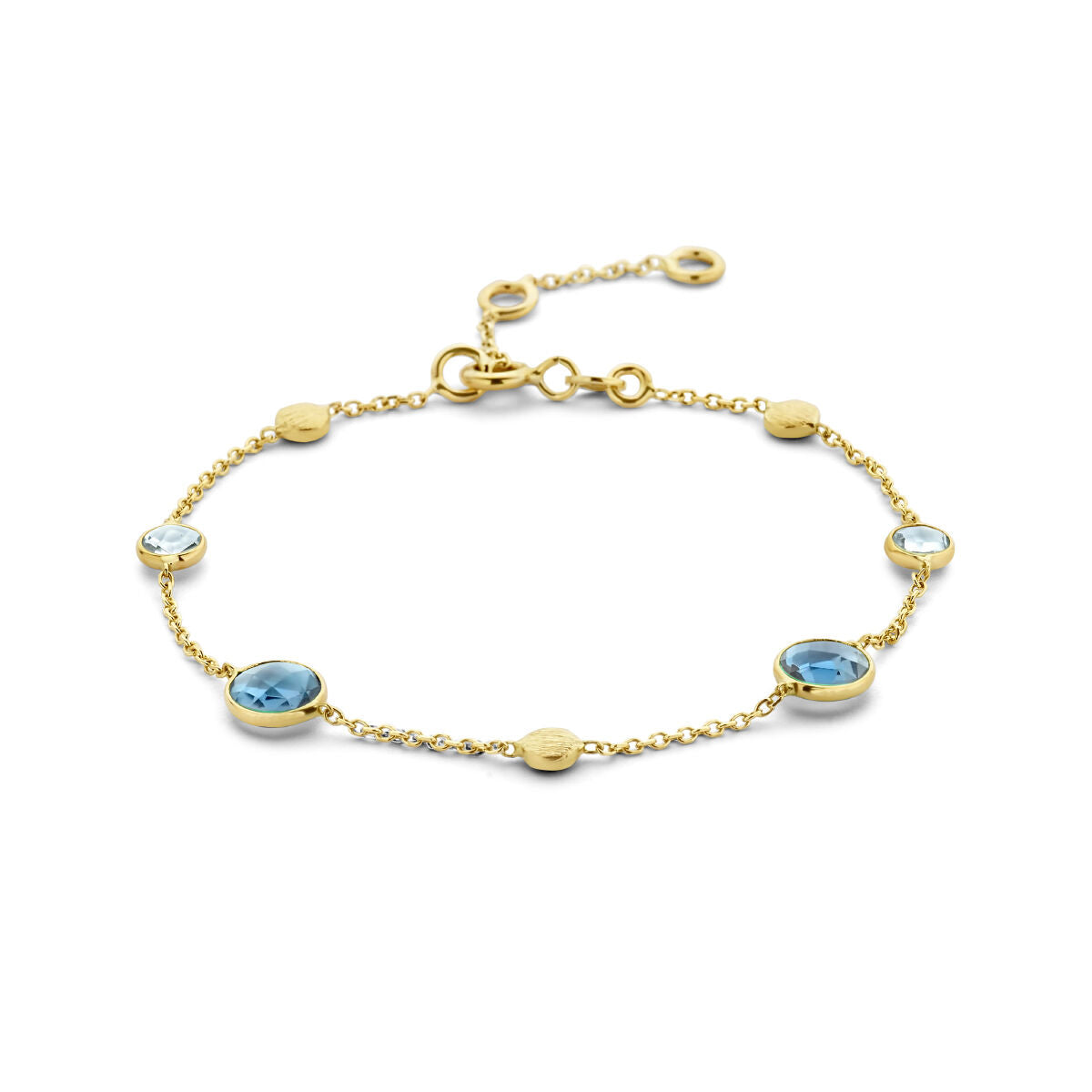 Bracciale in oro 14K con topazi blu e cerchi, dettagli in blu e oro.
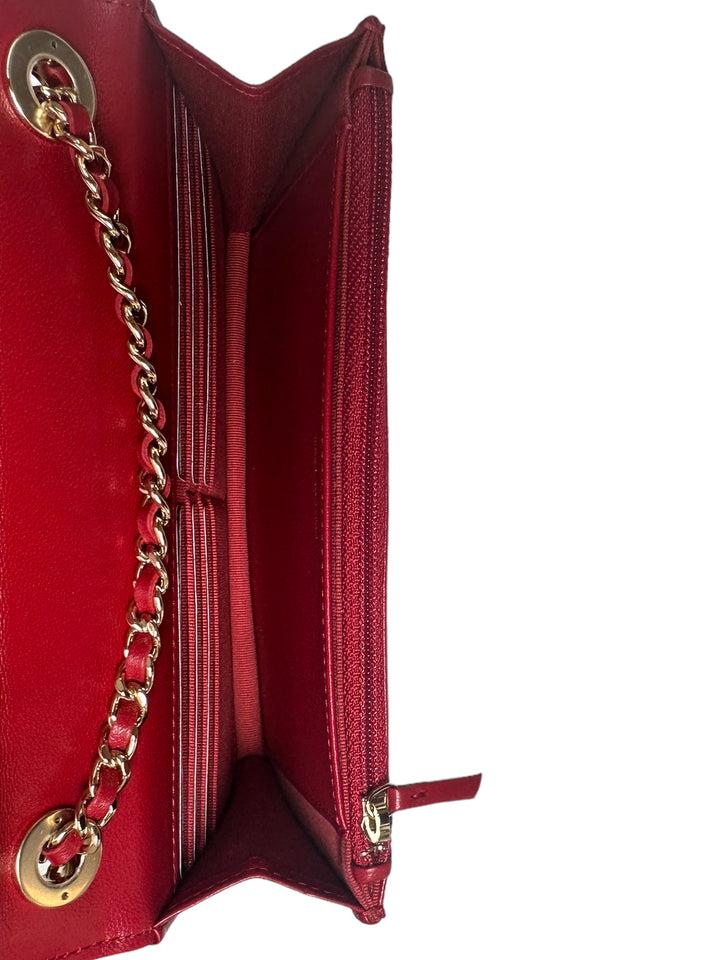 NEW RED LAMBSKIN QUILTED TRENDY CC WALLET ON CHAIN WOC BAG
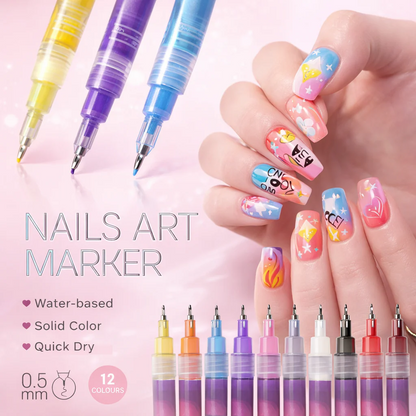 Nail Art Marker Pens | 12 Color Set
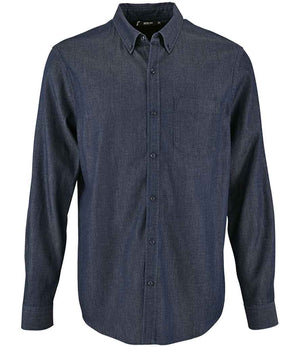 Barry Long Sleeve Denim Shirt in Denim Brut, front view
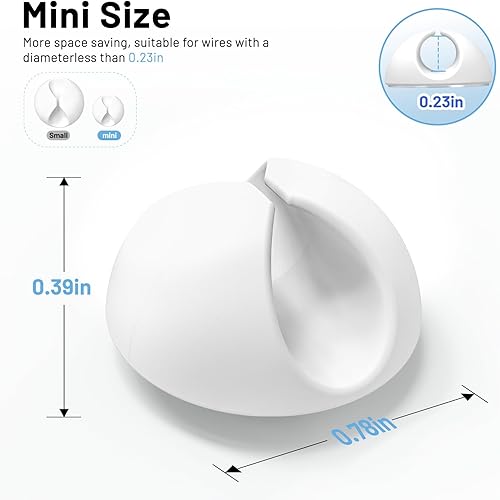 Miniatura 4 de Paquete de 18 mini clips para cables, organizador de cables adhesivos, clips de soporte de cables para escritorio, hogar, oficina, automóvil,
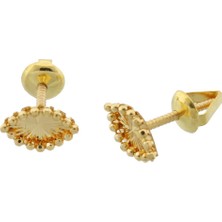 İryum 22 Ayar Altın Tasarım Markiz Çivi Küpe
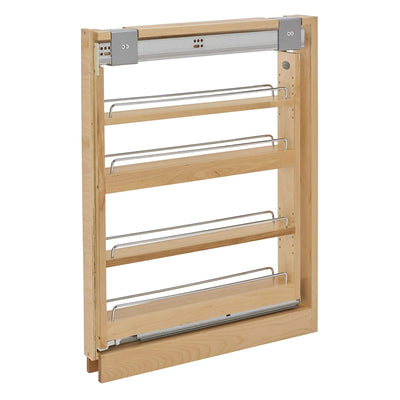 Rev-A-Shelf 432-BFSC-3C 3" Cabinet Base Filler Soft Close Organizer Rack, Maple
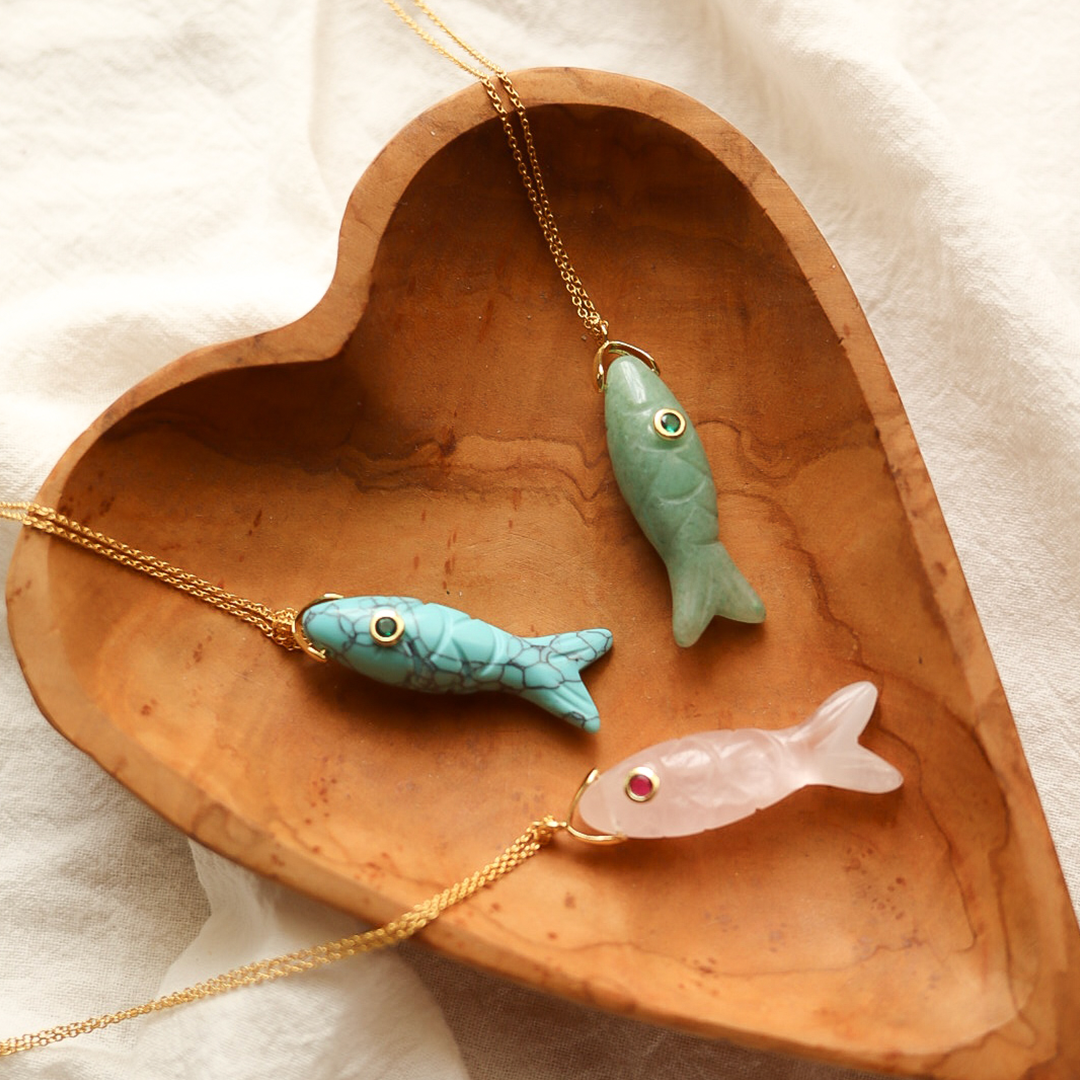 Gemstone Fish Pendant Necklace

= = = = = = =

(GOAL OF THE EXERCISE): Give back only the lines from the one that carries "Nail Art Marker Pens | 12 Color Set" through the final line above, both included. Drop all pictures.

(ANSWER BELOW):
 Nail Art Marker Pens | 12 Color Set
 Barry Long Sleeve Denim Shirt in Denim Brut, front view
 Miniatura 4 de Paquete de 18 mini clips para cables, organizador de cables adhesivos, clips de soporte de cables para escritorio, hogar, oficina, automóvil,
 İryum 22 Ayar Altın Tasarım Markiz Çivi Küpe
 Rev-A-Shelf 432-BFSC-3C 3" Cabinet Base Filler Soft Close Organizer Rack, Maple
 Gemstone Fish Pendant Necklace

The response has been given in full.